Voici les renseignements que j’ai recueillis sur ce cas. La malade appartient à une famille névropathique ; la mère, nerveuse, irritable, a eu, dès sa plus tendre enfance, des crises de colère suivie de suffocation. Jusqu’à l’approche de ces règles elle ne présente rien de particulier ; mais vers cette époque elle change de caractère, devient sombre, violente, et présente des douleurs ainsi que des secousses nerveuses dans tous les membres. À la puberté on remarque des symptômes manifestement hystériques. Par exemple, elle invente de toutes pièces, une foule d’histoires scandaleuses dont elle se prétend l’héroïne. On fait en outre les constatations suivantes : ovarie gauche avec une sensation de suffocation à la pression et anesthésie passagère dans diverses régions du corps. Enfin elle présente une suggestibilité tout à fait extraordinaire à l’état de veille. [p. 89]

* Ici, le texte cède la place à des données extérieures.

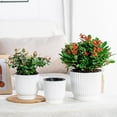 thumbnail image 4 of Euaioeiu Self Watering Vegetationer Pots for Vegetations Indoor,Modern Decorative Flower Pot with Wick Irrigation Sy,Ceramic Look Resin Vegetationers for Home Desk Decor,Herbs Small HouseVegetations, 4 of 10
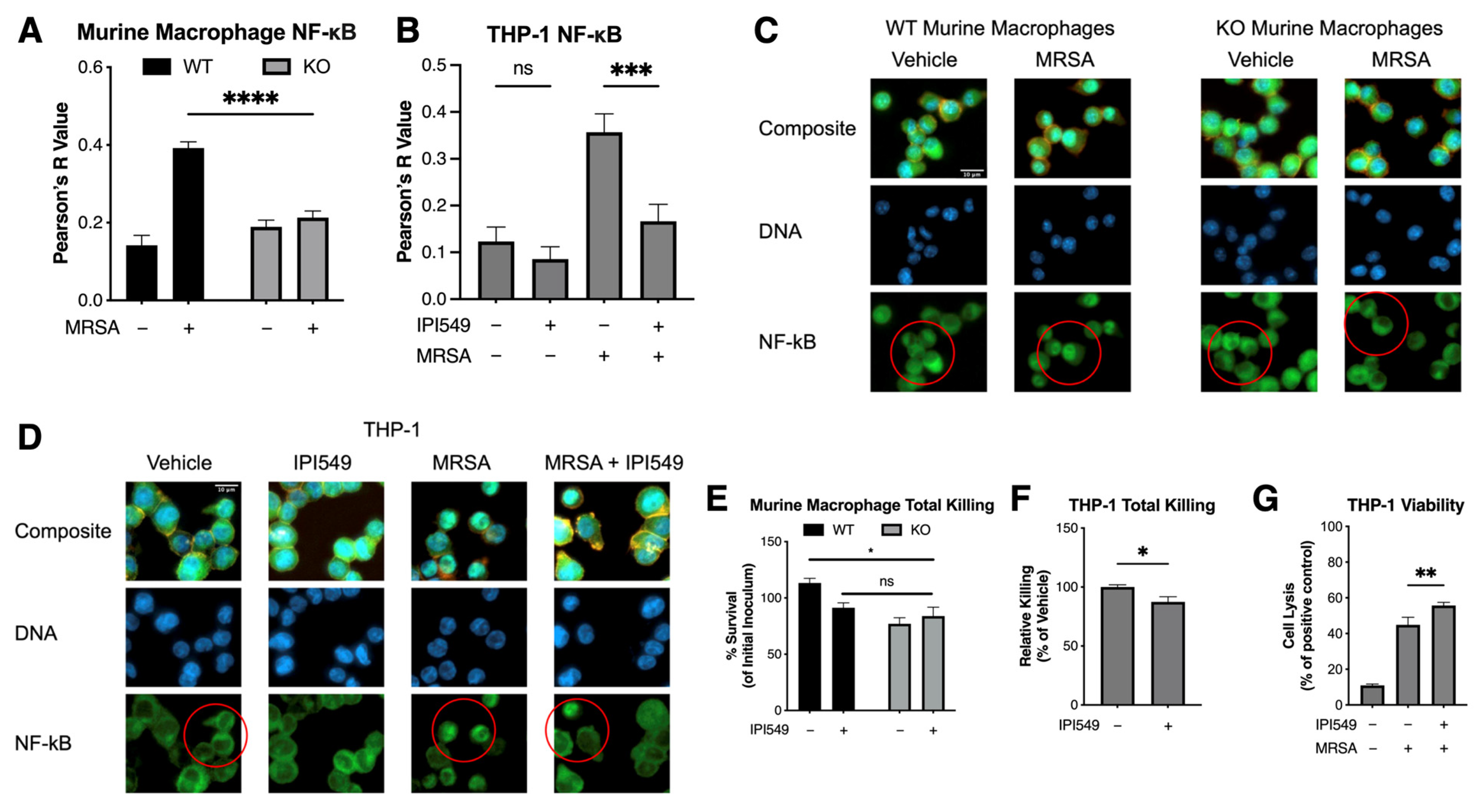 Antibiotics 14 00315 g003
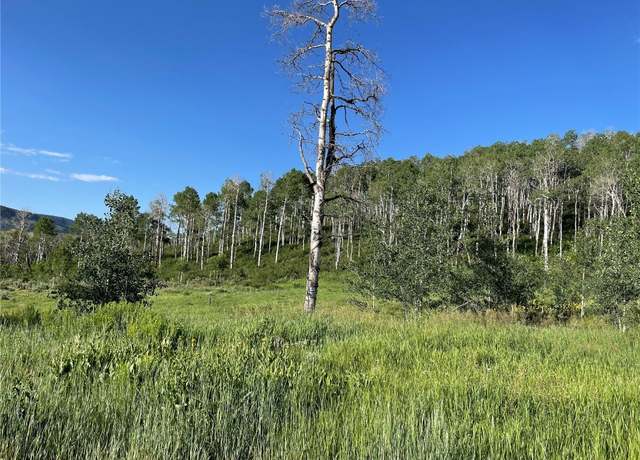 Property at 27200 Frisco Pl, Clark, CO 80428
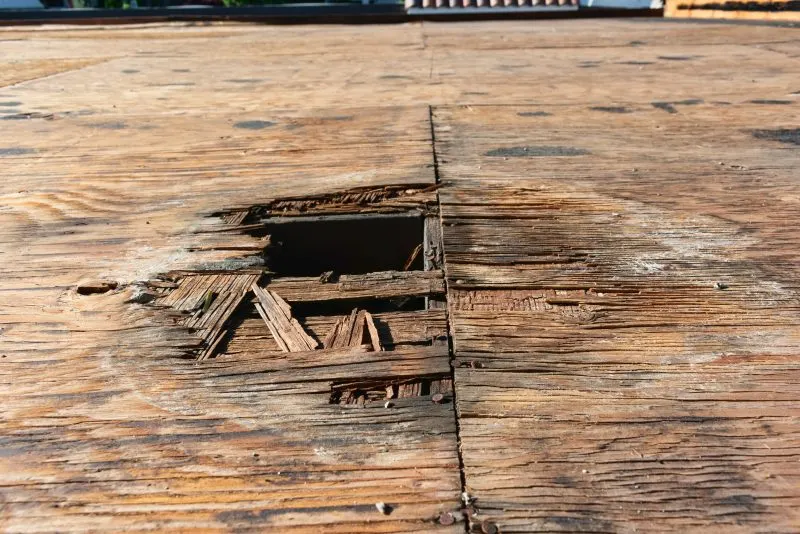 Rotting Wood on Your Deck: Learn Clever Ways to Keep Wood from Decaying and Spreading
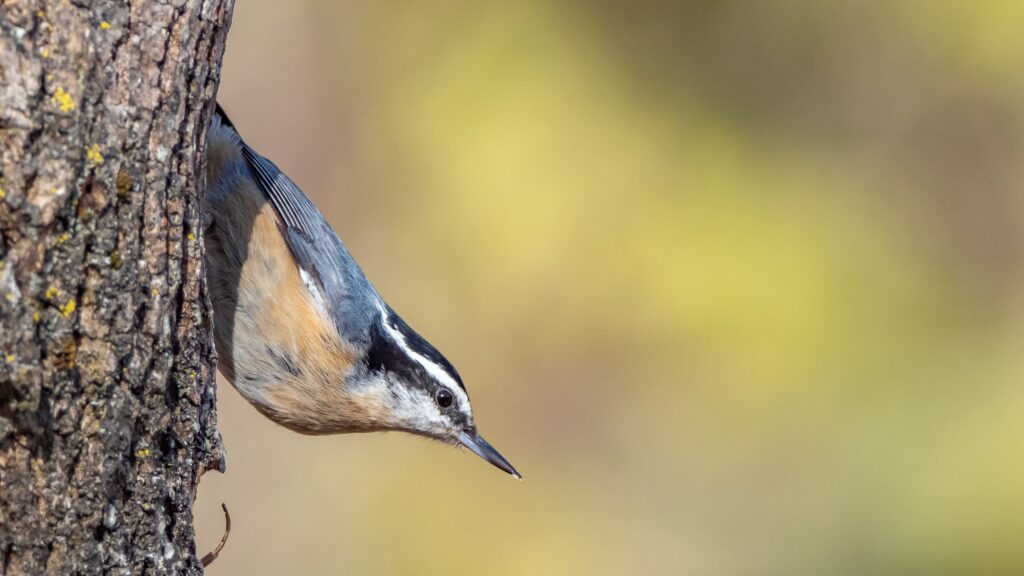 Upside Down Nuthatch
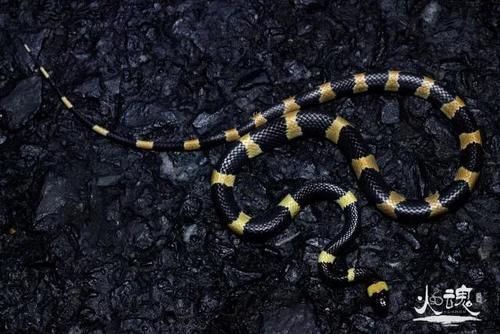 探访浙江天目山,寻找那里的两栖爬行类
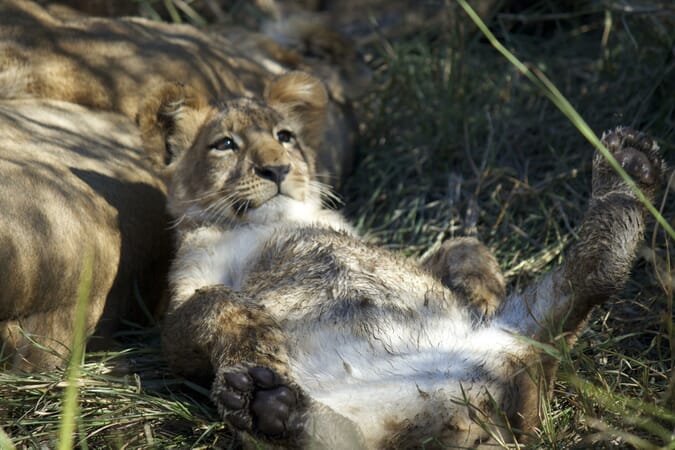 lion_16-scaled.jpg?w=675&h=450&scale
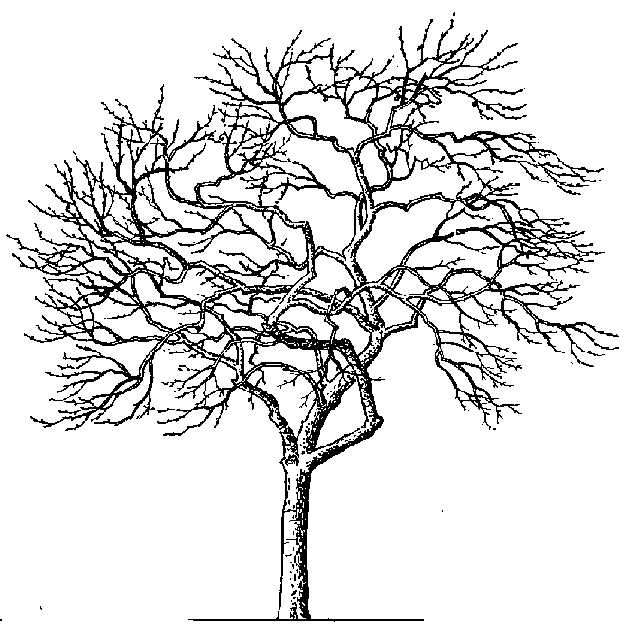 Bare Deciduous Tree Illustration - Botanical Line Art
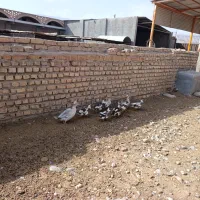 اردک پروازی کاکلی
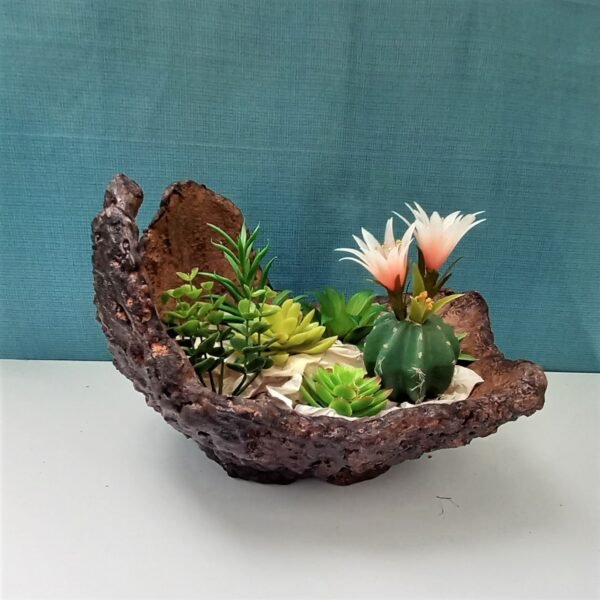 pot succulente forme coquille – Image 11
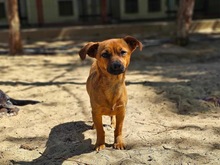 JANE, Hund, Mischlingshund in Ungarn - Bild 1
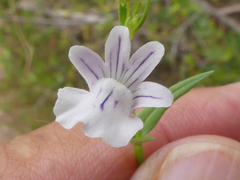 Nemesia diffusa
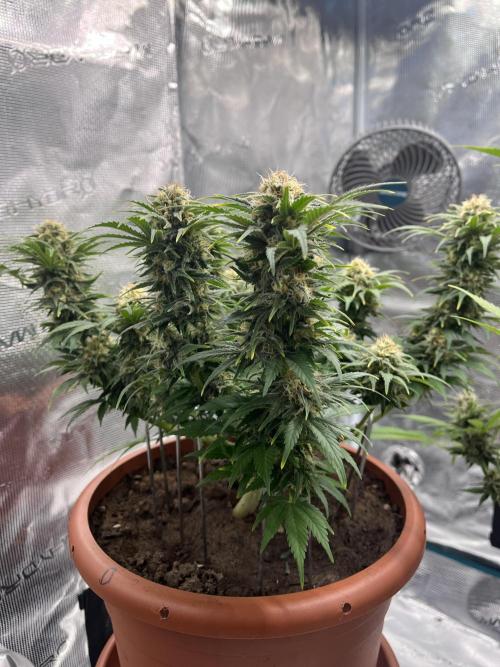 Black Bomb. Week 13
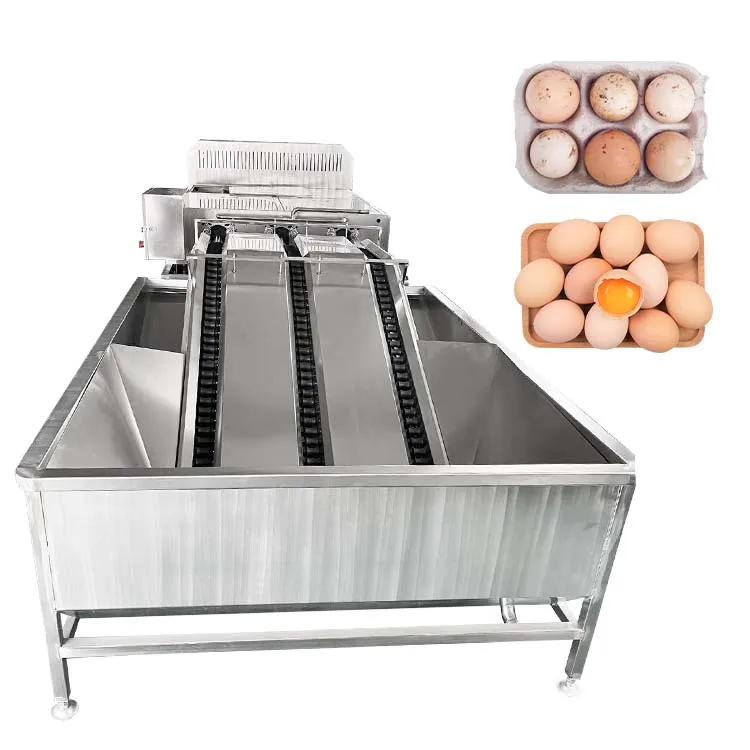 

Cleaning Washer Automatic Cleaner for Processing and Duck Equipment Line Commercial Stainless Steel High & Egg Washing Machine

Les cas de ce genre sont très fréquents. L’hystérie, en effet, est très répandue dans la population russe. Or les hystériques vivent au milieu de toutes ces superstitions, elles manquent d’instruction, leur imagination maladive trouve dans tous les préjugés un aliment puissant pour l’autosuggestion. Nous passerons rapidement sur la contagion des crises hystériques ou des possessions démoniaques. Les malades de ce genre se rendre à 4 heures du matin vers la chapelle de Saint Panteleymon située à Moscou et là, pendant que le prêtre invoque ce saint, ils sont soulagés de leurs maux.

Profitant de l’occasion, je vous parlerai d’un soi-disant sorcier, paysan d’une province de la Pologne, lequel jouissait d’une réputation considérable. Quand on ne l’invitait pas à une noce, le jeune couple ne devait avoir que des relations fraternelles ; si au contraire on le conviait et lui offrait des présents, la prospérité du jeune ménage était assurée.

Les médecins, qui sont en contact constant avec les masses, doivent connaître à fond les phénomènes de la suggestion et de l’hypnotisme. C’est à eux que s’impose le devoir de répandre dans la population des notions exactes et de combattre les superstitions entretenues par l’ignorance.

Gardons-nous de passer sous silence que c’est sous la direction de nos célèbres professeurs Bechtereff et Serebrenkoff que s’est fondé le journal : Le messager de la psychologie, de l’anthropologie criminelle et de l’hypnotisme. Toute une partie de ce journal est consacrée aux questions relatives à l’hypnotisme. Les noms des professeurs Bechtereff et Serebrenkoff nous sont garants du caractère éminemment scientifique de ce journal ; j’aurai à cœur de vous signaler les principaux articles qui seront publiés.